One of the best part about travelling by train in Japan is trying its variety of ekiben – lunchboxes specially packed for commuters. These convenient parcels of food have been around since the birth of train travel in Japan, providing travellers with not just sustenance but also a taste of local specialties wherever they travelled.
Today, ekiben are an essential part of a Japanese travel experience – so much so that new editions are created to commemorate new train lines, special occasions, or famous characters. You can buy ekiben at shinkansen stations, as well as on board the trains. The price of an ekiben ranges from under 1,000 yen to 2,000 yen depending on the ingredients. Some of these ekiben are so popular that they sell out within minutes!
Just because they’re meant to be ‘fast food’, it doesn’t mean that care and attention aren’t paid to their ingredients or packaging. You can find ekiben featuring quality ingredients like Matsusaka beef, snow crab, and mountain vegetables. Some ekiben are famous for their beautiful packaging – ranging from terracotta pots to wooden containers – that you can take home as souvenirs.
There is something magical about eating a delicious meal while admiring the landscape outside your window – no matter which major train line you take, savouring a box of ekiben is a quintessential cultural experience not to be missed.
Each region and station has its own specialty ekiben that are popular, whether it’s for their local ingredients or ingenious packaging. Here are some ekiben that you shouldn’t miss if you’re travelling through these areas:
With a packaging that resembles a black cow’s head, Moo Taro Bento contains gyudon (rice topped with slices of cooked wagyu) using local Matsusaka beef, one of Japan’s top three beef brands. The cattle are given beer to drink and massaged with shochu (distilled spirit) to produce a unique, tender meat.

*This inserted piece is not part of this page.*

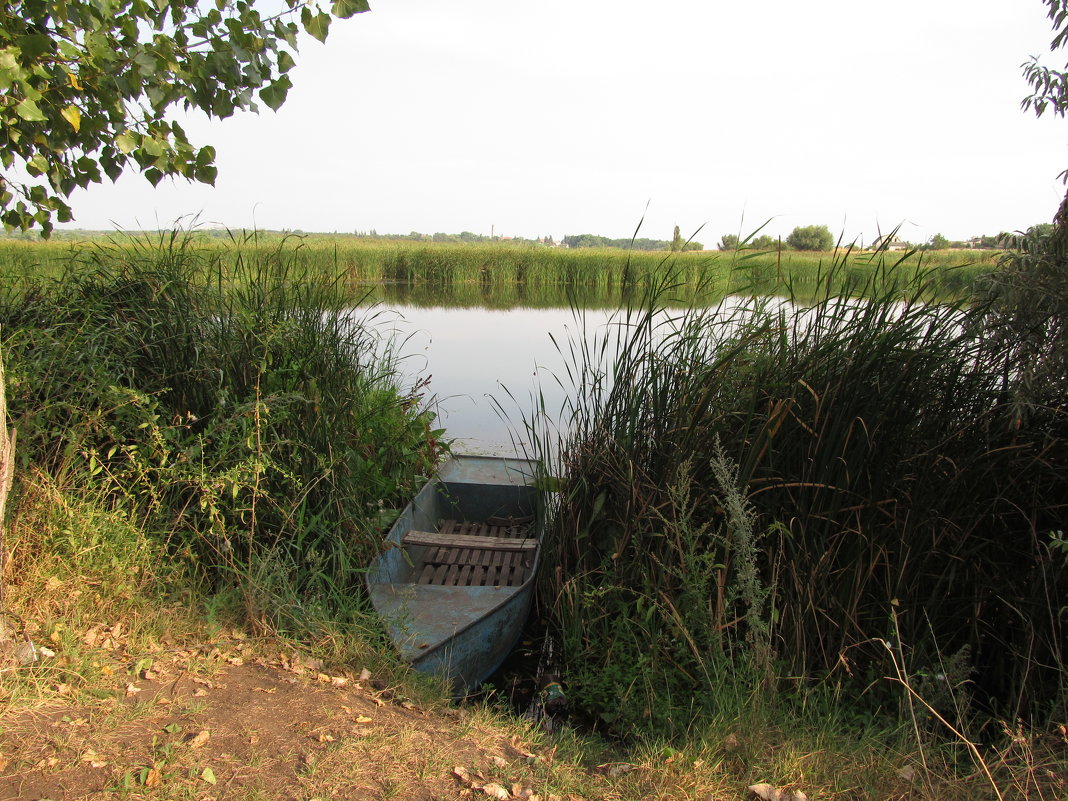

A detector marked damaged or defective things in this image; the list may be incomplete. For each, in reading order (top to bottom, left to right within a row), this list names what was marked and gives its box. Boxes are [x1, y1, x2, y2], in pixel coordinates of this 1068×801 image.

rusty metal hull [366, 454, 540, 692]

Once you open the bento lid, it plays a tune called ‘Furusato’, a Japanese nursery song (the tune will play 20,000 times when the sensors react to light). Moo Taro Bento (1,350 yen) is available at Aratake, which has a branch at Matsusaka Station.

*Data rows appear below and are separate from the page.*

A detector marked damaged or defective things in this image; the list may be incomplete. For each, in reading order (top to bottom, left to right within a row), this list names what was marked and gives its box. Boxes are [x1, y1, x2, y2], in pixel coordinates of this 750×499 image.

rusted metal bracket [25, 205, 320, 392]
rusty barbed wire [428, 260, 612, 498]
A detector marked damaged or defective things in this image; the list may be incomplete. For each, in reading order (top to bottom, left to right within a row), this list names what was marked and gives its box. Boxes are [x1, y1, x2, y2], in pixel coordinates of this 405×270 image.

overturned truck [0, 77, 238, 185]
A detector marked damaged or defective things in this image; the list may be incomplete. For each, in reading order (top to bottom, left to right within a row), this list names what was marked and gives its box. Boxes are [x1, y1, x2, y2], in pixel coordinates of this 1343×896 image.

Masu no Sushi is said to have originated in 1717 when Shinpachi Yoshimura, a Toyama feudal lord, gifted the Yoshimune Tokugawa shogunate a sushi made of Jinzu River trout and rice as a formal tribute. The sushi is made by pressing a layer of preserved trout over a bed of vinegared rice, wrapped in bamboo leaves and prepared in a mini hangiri (a circular wooden container for preparing sushi rice) sealed with a lid. The ekiben comes with a knife so you can cut the sushi into bite-sized portions. You can purchase Masu no Sushi (1,400 yen) from Minamoto at JR Toyama Station.
Toge no Kamameshi is an ekiben that contains (Kamameshi - a popular Japanese dish of) cooked seasoned rice in a ceramic pot with chicken, egg, and vegetables like burdock, bamboo and shiitake mushrooms.

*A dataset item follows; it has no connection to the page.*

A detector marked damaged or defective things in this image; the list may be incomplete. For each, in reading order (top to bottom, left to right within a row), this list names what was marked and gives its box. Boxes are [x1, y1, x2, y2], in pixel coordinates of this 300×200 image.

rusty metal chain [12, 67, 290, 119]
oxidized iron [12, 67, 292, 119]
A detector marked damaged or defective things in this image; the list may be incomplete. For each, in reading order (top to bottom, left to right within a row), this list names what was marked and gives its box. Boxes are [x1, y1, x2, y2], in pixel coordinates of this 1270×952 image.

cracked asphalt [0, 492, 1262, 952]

Toge no Kamameshi is the first ekiben that used kama (Mashiko yaki from Tochigi) was sold in 1958, served in a ceramic pot to keep its warm longer. It is reusable that can be cooked original kamameshi or 1 gou rice (a cup measuring about 150 grams).The most famous place to buy Toge no Kamameshi is from Oginoya at Yokokawa station.
The Sandai Kani Aji Kurabe bento is a representative of seafood from Hokkaido, containing three kinds of crabs: taraba (red king crab), zuwaigani (snow crab), and kegani (horsehair crab). The rice is prepared with kombu dashi (kelp broth), and the bento is separated into three sections, each topped with a generous portion of minced crab and a crab leg of each type. Winter is the best time to enjoy all three kinds of crabs at their freshest. The Sandai Kani Aji Kurabe Bento (1,250 yen) is available year-round, from Bensaitei at Sapporo Station.
One of Japan’s top brands of beef, Maesawa wagyu is produced in Iwate Prefecture. The beef is known for its fine strips of marbled fat that creates a creamy, tender texture. This ekiben contains wagyu nigiri – strips of seared Maesawa wagyu wrapped around pressed rice. While this type of sushi is not common, it’s a great way to experience the meat’s unique flavour and texture, since only the highest grade of wagyu is used. Each box has to be pre-ordered at least two days in advance via Saito Shogetsudo, and available for pickup at JR Tohoku Station.
If you’re hopping on the newly-launched Hello Kitty Shinkansen – from Hakata Station in Fukuoka and Shin-Osaka Station in Osaka – then why not sample its namesake ekiben as well? This ceramic version of the pink bullet train contains Kobe-style sukiyaki – local slices of beef served with a Hello Kitty-shaped fishcake, fried tofu, boiled konnyaku jelly, and star-shaped carrots. The Hello Kitty Shinkansen ekiben (1,500 yen) is available from Awajiyaat Shin-Kobe Station and Kobe Station.